CQL的基本思想：从Q值上进行约束，对于那些ood的Q值进行打压。

前置论文：

DDPG
SAC

一些推荐阅读：

符号约定

CQL的符号很多，想要读懂这篇论文，首先得进入这篇论文的符号体系。

Online RL下的符号约定

这些符号与CQL这篇论文无关了，主要是为了让读者熟悉一下RL中的一些基本符号。

$T$ : Transition function, $T(s, a, s')$ 表示在状态 $s$ 下，执行动作 $a$ 后，得到的下一个状态是 $s'$ 的概率。

$r$ : Reward function, $r(s, a)$ 表示在状态 $s$ 下，执行动作 $a$ 后，得到的reward。

$\pi$ : Policy, $\pi(a|s)$ 表示在状态 $s$ 下，执行动作 $a$ 的概率。

$BQ$ : Bellman Equation, 称B为贝尔曼迭代算子， $BQ(s, a) = r(s, a) + \gamma \mathbb{E}_{s'\sim T(s, a), a'\sim \pi}[Q(s', a')]$

策略迭代分为两个步骤：策略评估和策略改进。策略评估就是求解Bellman Equation，策略改进就是让策略朝着更好的方向更新。

策略评估： $Q^{k+1} \leftarrow \arg\min_{Q} \mathbb{E}_{s, a, s'}\left[ \left((r(s, a) + \gamma \mathbb{E}_{a' \sim {\pi}^k(a'|s')}[{Q}^{k}(s', a')]) - Q(s, a)\right)^2 \right]$

策略改进：

$\pi^{k+1} \leftarrow \arg\max_{\pi} \mathbb{E}_{s, a \sim \pi^k(a|s)}\left[Q^{k+1}(s, a)\right]$

注意到该贝尔曼算子依赖于策略，Q和V值的近似与策略相关，最后Q和V的收敛值也与策略相关。常见的Actor-Critic算法都属于这个系列。

Offline RL下的符号约定

首先是数据集 $\mathcal{D}$ ，我们假设 $\mathcal{D}$ 是由一个行为策略 $\pi_{\beta}(a_t|s_t)$ 采集得到的， $\pi_{\beta}$ 是一个确定性策略， $\beta$ 是策略的参数。当然实际数据集还可能是多个策略采集得到的数据的混合，此时行为策略为多个策略之间的加权。

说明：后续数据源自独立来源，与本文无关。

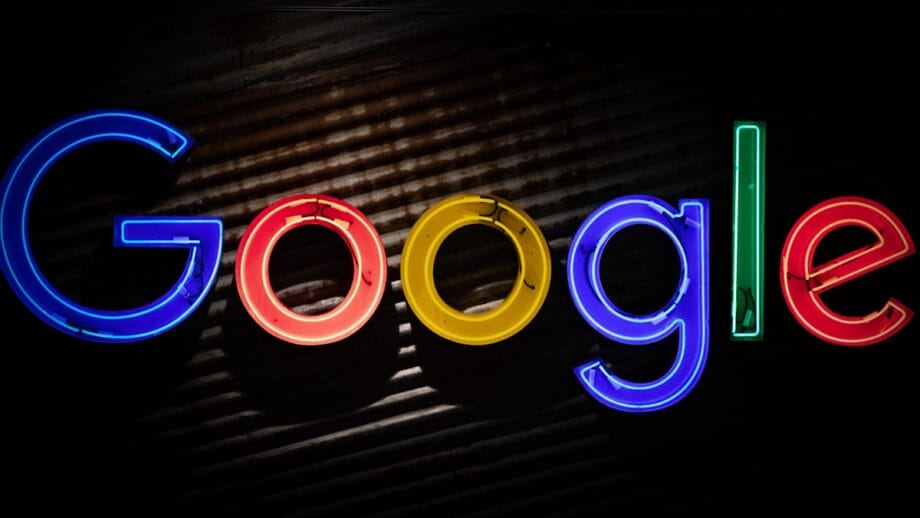 Neon Google logo sign in blue, red, yellow, and green letters on a dark, textured background.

通常来说，数据集的大小是有限的，因此定义经验分布： $\hat{\pi}_{\beta}(a_t|s_t) = \frac{\sum_{s, a\in \mathcal{D}}\mathbb{I}(s=s_t, a=a_t)}{\sum_{s, a\in \mathcal{D}}\mathbb{I}(s=s_t)}$ 经验分布是对行为策略的一个经验估计，当 $\mathcal{D}$ 足够大时， $\hat{\pi}_{\beta}$ 会收敛到 $\pi_{\beta}$ 。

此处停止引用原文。